DATA SUPPLIED:
▽

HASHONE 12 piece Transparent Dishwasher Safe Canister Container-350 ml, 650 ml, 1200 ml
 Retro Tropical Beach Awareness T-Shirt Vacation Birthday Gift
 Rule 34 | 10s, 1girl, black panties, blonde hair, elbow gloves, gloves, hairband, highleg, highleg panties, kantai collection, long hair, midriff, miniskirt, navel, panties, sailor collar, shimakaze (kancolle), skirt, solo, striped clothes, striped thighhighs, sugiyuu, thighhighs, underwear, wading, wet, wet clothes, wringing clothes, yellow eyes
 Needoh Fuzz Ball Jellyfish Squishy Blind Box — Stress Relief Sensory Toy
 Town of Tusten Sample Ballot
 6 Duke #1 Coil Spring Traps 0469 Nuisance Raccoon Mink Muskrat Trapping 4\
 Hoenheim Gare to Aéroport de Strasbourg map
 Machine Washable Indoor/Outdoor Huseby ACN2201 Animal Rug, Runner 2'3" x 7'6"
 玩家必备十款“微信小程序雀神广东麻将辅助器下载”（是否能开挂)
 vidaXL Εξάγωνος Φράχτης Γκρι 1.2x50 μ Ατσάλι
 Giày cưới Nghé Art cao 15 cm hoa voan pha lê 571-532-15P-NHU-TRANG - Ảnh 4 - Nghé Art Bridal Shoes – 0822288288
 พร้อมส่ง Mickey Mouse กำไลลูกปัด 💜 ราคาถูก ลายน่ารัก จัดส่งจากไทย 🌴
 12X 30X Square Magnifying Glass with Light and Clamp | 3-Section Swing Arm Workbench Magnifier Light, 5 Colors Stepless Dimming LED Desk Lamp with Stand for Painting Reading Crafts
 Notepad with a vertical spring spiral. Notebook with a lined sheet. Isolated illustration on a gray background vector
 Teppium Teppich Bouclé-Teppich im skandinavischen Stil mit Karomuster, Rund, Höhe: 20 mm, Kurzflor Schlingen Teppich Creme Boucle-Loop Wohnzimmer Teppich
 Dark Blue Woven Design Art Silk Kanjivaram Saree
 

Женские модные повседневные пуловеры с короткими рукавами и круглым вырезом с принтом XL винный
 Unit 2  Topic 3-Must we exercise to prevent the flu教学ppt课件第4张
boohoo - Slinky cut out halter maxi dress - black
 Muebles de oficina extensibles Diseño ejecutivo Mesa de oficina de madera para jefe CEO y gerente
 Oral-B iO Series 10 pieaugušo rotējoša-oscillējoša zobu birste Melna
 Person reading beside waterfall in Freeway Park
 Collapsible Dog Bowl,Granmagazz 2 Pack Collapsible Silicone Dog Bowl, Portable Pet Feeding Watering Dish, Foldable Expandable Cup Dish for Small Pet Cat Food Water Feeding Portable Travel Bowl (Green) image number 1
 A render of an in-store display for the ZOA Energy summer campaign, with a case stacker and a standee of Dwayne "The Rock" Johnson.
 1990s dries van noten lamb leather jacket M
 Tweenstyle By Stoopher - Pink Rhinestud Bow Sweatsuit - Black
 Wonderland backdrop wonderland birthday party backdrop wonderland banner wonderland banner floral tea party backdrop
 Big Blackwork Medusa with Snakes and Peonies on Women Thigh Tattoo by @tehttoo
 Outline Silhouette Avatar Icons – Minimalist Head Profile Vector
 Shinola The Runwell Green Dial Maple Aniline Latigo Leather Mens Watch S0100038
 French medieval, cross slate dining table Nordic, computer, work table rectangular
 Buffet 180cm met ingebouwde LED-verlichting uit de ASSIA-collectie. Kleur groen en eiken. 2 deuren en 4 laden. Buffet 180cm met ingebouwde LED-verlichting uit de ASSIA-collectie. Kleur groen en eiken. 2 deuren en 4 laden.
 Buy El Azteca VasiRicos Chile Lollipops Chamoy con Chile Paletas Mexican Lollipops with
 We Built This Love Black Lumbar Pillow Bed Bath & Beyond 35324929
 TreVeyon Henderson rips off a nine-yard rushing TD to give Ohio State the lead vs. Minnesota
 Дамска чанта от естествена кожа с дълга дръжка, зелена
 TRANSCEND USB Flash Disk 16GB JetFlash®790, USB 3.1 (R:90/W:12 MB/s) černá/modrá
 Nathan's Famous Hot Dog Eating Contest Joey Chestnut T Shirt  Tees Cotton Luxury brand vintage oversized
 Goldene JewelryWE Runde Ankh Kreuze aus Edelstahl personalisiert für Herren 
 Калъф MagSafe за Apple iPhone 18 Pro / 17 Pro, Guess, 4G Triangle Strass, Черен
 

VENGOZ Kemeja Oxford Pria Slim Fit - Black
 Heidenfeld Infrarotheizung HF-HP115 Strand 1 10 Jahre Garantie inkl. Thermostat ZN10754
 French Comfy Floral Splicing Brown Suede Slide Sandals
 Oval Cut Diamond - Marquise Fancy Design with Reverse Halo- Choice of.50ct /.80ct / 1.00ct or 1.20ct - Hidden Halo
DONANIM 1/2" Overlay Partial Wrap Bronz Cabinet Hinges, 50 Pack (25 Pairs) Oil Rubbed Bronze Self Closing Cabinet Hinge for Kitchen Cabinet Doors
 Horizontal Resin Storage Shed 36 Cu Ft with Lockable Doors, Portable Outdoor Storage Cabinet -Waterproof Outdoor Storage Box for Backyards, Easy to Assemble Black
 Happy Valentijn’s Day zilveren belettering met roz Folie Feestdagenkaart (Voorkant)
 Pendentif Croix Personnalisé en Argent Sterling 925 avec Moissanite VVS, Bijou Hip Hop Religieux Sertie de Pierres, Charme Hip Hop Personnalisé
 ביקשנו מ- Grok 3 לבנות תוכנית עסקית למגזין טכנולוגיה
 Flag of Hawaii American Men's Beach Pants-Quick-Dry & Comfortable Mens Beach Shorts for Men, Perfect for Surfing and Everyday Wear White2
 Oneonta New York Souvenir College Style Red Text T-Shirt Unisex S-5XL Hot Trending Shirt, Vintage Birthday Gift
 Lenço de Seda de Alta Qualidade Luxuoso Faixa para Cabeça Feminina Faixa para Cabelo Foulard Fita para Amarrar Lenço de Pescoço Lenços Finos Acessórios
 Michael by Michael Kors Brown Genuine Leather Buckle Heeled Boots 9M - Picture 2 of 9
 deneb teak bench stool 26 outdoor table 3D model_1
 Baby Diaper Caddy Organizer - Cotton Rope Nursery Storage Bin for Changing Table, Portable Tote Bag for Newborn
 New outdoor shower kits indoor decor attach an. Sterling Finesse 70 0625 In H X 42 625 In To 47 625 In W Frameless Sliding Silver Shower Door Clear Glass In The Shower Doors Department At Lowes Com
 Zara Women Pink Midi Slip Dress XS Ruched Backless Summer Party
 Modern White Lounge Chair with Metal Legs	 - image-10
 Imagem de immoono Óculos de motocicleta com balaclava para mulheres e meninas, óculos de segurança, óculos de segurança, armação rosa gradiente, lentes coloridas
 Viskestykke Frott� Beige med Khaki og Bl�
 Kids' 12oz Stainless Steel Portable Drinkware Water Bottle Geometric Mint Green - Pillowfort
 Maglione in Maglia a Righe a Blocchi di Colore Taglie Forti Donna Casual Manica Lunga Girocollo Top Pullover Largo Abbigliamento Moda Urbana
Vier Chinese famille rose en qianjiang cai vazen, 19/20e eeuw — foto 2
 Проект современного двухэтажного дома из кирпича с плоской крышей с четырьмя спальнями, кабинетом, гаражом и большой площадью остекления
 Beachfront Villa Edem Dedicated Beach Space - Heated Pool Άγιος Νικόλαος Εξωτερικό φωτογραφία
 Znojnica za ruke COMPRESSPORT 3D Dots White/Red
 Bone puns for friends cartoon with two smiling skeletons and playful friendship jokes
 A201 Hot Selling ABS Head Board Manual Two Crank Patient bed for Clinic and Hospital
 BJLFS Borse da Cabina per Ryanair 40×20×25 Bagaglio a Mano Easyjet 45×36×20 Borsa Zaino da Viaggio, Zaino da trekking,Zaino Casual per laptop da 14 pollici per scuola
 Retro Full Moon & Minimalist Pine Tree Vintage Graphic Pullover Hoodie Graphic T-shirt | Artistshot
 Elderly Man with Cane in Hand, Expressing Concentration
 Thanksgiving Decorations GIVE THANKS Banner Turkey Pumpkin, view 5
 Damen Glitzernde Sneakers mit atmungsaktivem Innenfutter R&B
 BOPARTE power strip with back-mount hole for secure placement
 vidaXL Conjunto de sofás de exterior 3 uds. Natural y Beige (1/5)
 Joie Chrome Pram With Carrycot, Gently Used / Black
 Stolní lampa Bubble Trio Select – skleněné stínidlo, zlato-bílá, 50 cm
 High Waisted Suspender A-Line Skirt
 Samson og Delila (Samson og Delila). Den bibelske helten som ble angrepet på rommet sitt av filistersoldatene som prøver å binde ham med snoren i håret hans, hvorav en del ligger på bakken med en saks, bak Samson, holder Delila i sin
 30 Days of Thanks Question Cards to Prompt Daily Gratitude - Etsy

△

WORK INSTRUCTION: Please return only the lines above, starting at the line that has "Goldene JewelryWE Runde" and ending at the line that has "VENGOZ Kemeja Oxford Pria Slim Fit - Black", keeping both and leaving each one unchanged.

EXERCISE SOLUTION:
 Goldene JewelryWE Runde Ankh Kreuze aus Edelstahl personalisiert für Herren 
 Калъф MagSafe за Apple iPhone 18 Pro / 17 Pro, Guess, 4G Triangle Strass, Черен
 

VENGOZ Kemeja Oxford Pria Slim Fit - Black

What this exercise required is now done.